Data provided —
=== Section Start ===
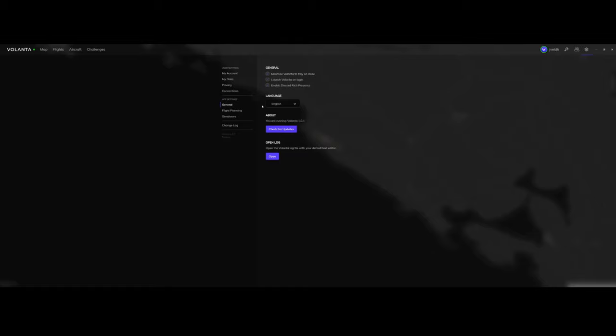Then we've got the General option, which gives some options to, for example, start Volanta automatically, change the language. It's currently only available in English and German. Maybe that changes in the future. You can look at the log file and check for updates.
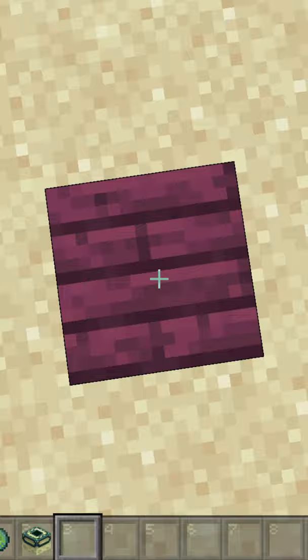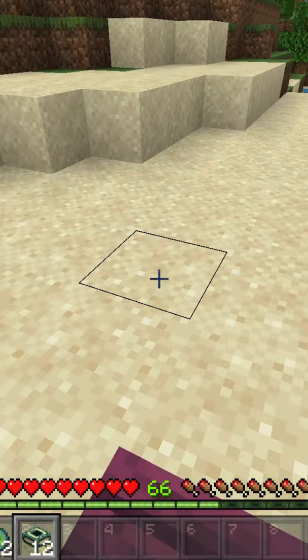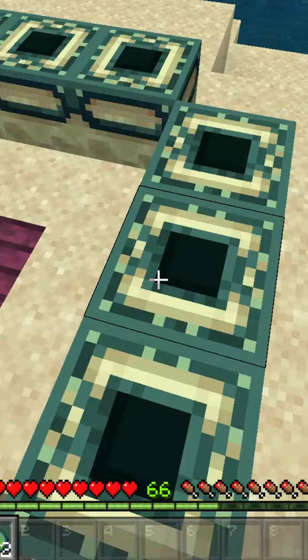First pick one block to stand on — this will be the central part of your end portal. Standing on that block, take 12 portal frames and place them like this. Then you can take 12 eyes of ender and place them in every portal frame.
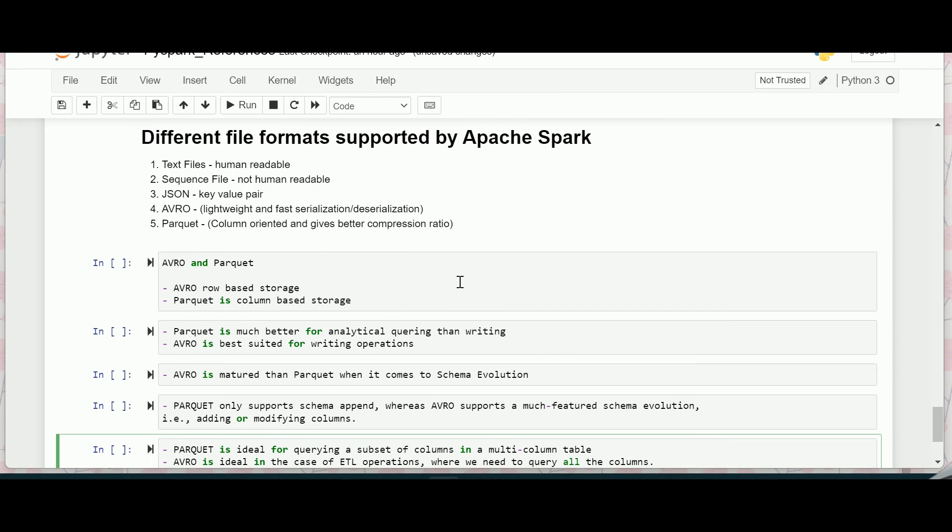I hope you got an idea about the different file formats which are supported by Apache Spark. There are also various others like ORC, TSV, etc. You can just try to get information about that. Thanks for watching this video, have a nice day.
=== Section End ===
Prompt —
An exact copy of all the lines above is required, with the pictures removed.

Solution to the problem —
Then we've got the General option, which gives some options to, for example, start Volanta automatically, change the language. It's currently only available in English and German. Maybe that changes in the future. You can look at the log file and check for updates.
First pick one block to stand on — this will be the central part of your end portal. Standing on that block, take 12 portal frames and place them like this. Then you can take 12 eyes of ender and place them in every portal frame.
I hope you got an idea about the different file formats which are supported by Apache Spark. There are also various others like ORC, TSV, etc. You can just try to get information about that. Thanks for watching this video, have a nice day.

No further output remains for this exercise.